__Prompt__: What is needed is a word-for-word copy of the lines below from the one with "Tiki giao nhanh" through the one with "Villa - Chalet", both included, with every picture left out.

__Recorded data__:

======

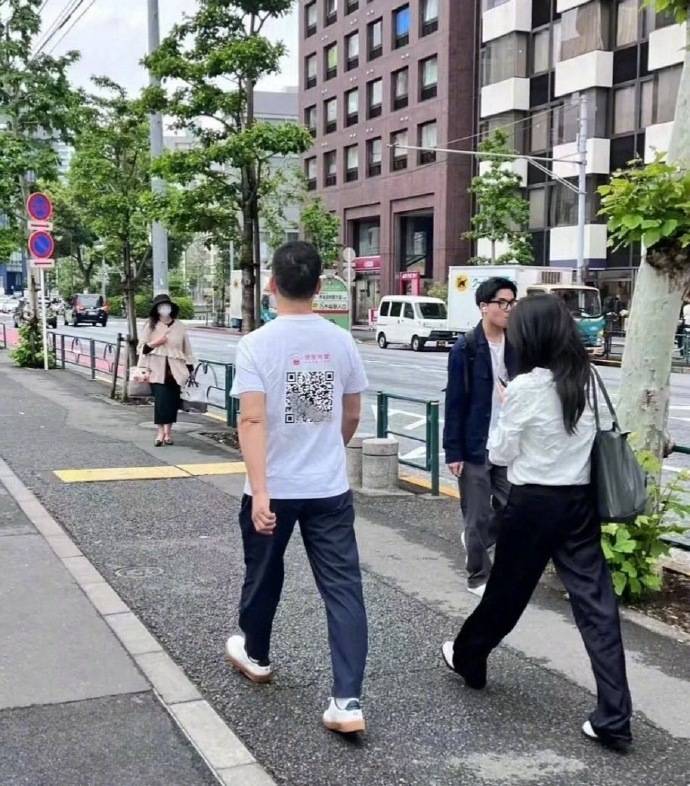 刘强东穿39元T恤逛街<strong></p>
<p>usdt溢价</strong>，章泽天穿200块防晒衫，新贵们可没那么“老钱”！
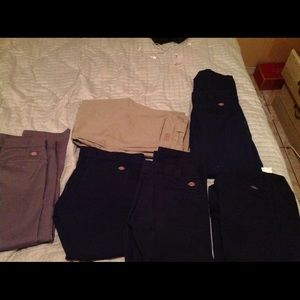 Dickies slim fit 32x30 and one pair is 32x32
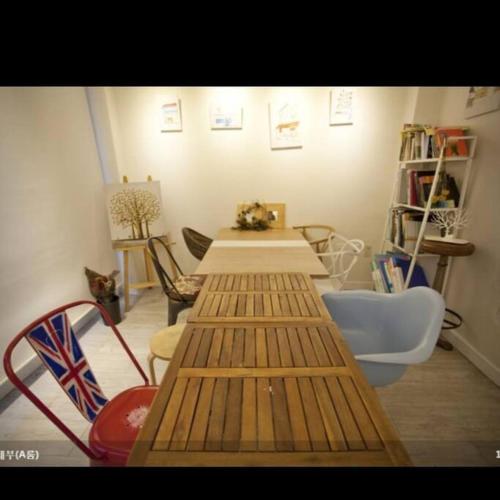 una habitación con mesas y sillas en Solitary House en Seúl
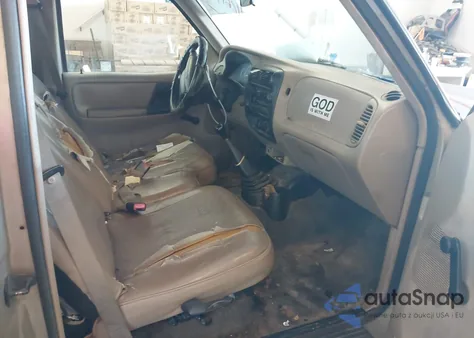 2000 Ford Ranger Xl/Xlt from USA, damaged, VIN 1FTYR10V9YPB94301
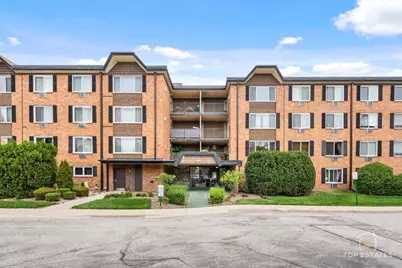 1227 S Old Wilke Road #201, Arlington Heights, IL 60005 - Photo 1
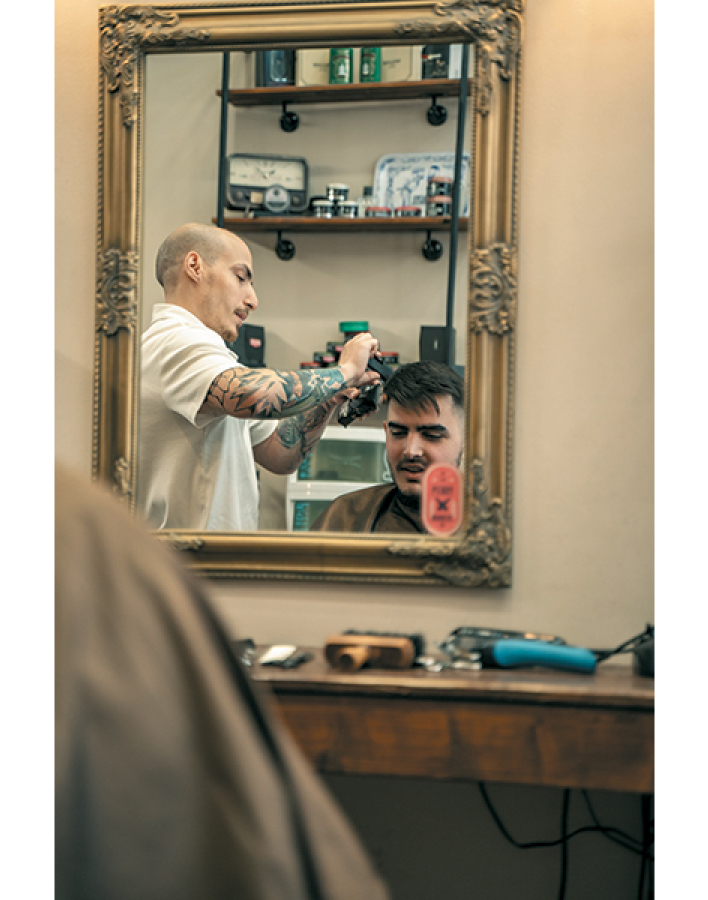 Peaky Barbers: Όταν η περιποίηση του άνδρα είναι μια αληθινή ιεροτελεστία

======

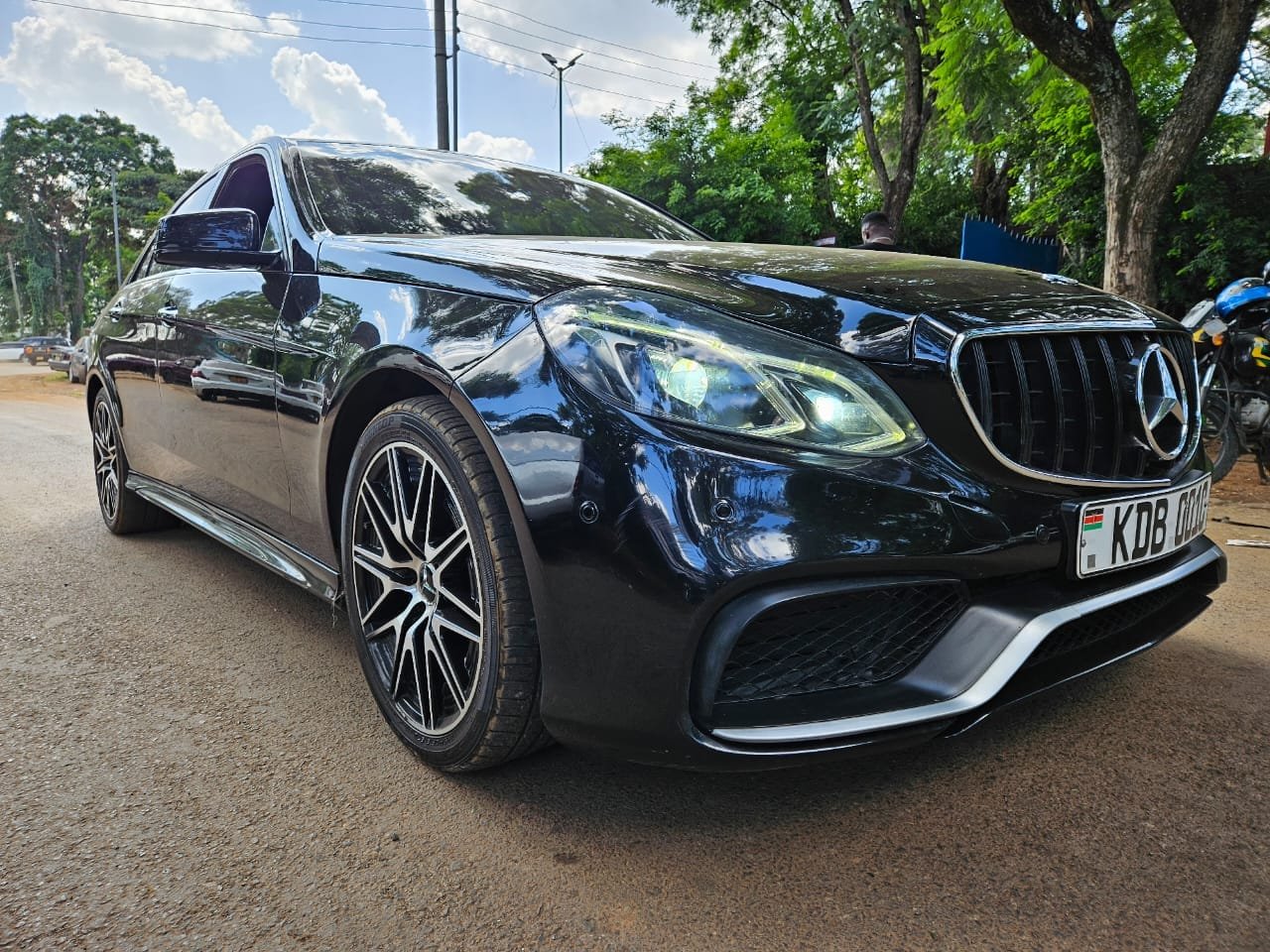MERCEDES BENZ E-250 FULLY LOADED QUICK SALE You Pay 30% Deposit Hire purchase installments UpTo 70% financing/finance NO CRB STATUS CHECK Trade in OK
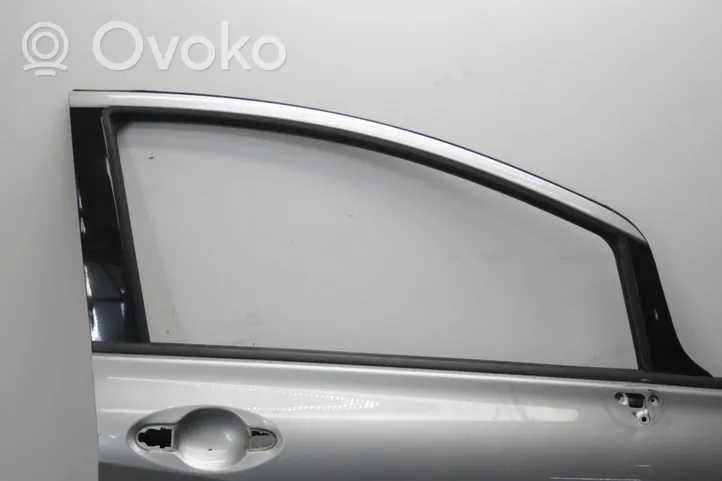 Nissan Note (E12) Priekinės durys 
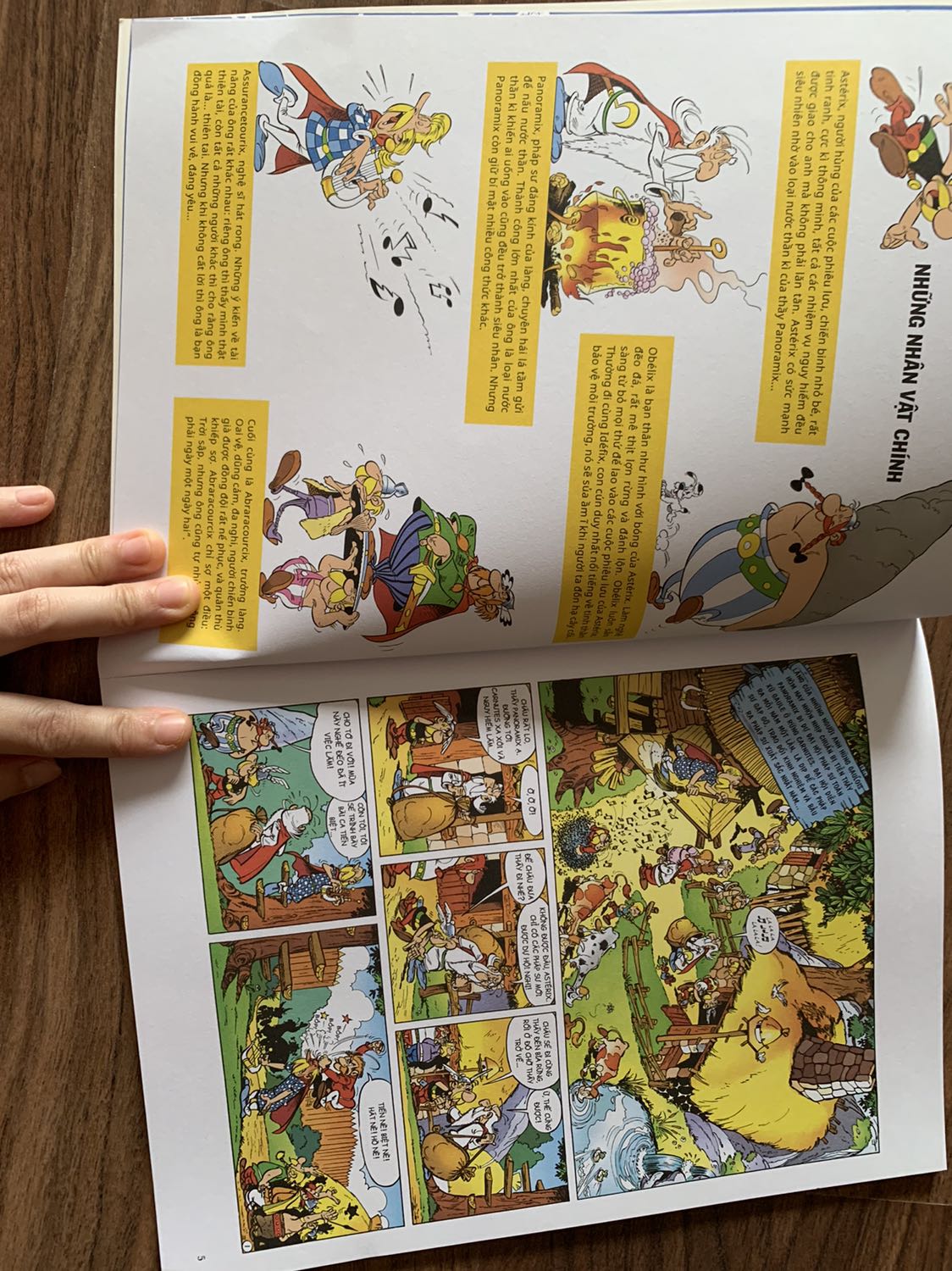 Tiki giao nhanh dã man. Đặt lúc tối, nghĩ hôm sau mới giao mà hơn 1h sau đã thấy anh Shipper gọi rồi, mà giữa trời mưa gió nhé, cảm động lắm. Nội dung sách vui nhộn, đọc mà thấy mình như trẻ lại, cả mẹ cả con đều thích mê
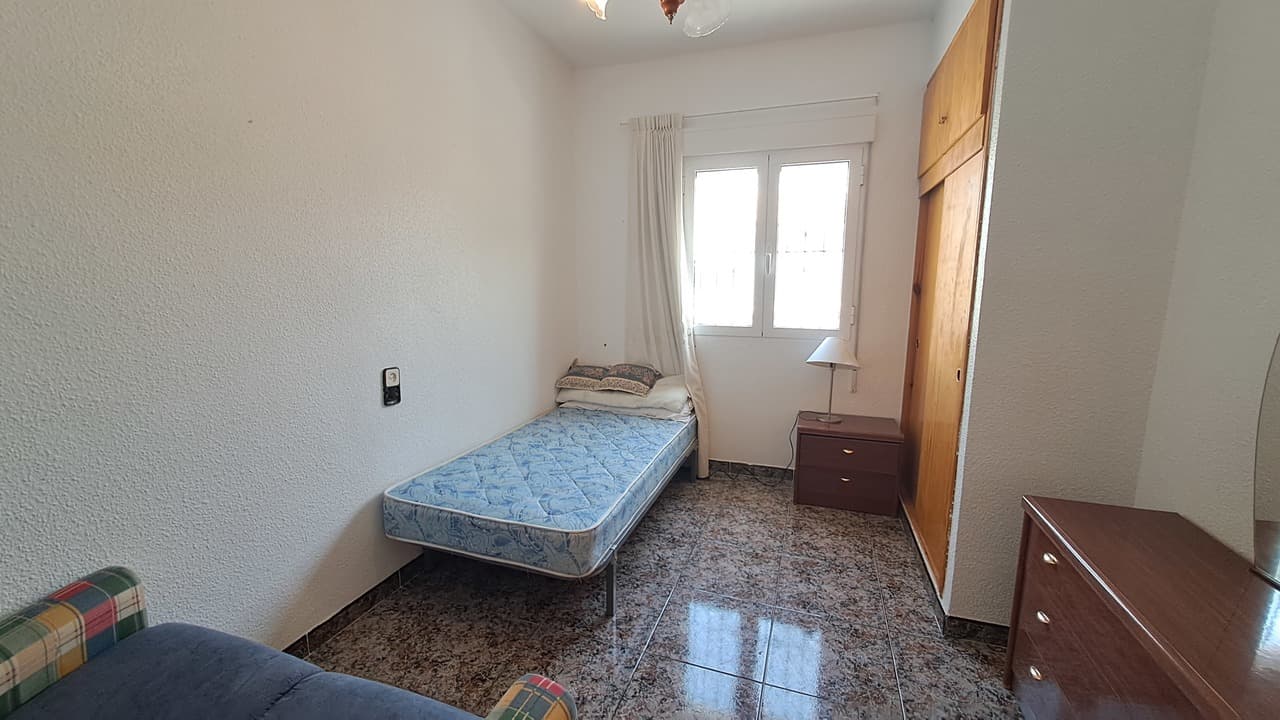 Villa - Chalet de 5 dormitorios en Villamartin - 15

======

__Answer to this exercise__:
 Tiki giao nhanh dã man. Đặt lúc tối, nghĩ hôm sau mới giao mà hơn 1h sau đã thấy anh Shipper gọi rồi, mà giữa trời mưa gió nhé, cảm động lắm. Nội dung sách vui nhộn, đọc mà thấy mình như trẻ lại, cả mẹ cả con đều thích mê
 Villa - Chalet de 5 dormitorios en Villamartin - 15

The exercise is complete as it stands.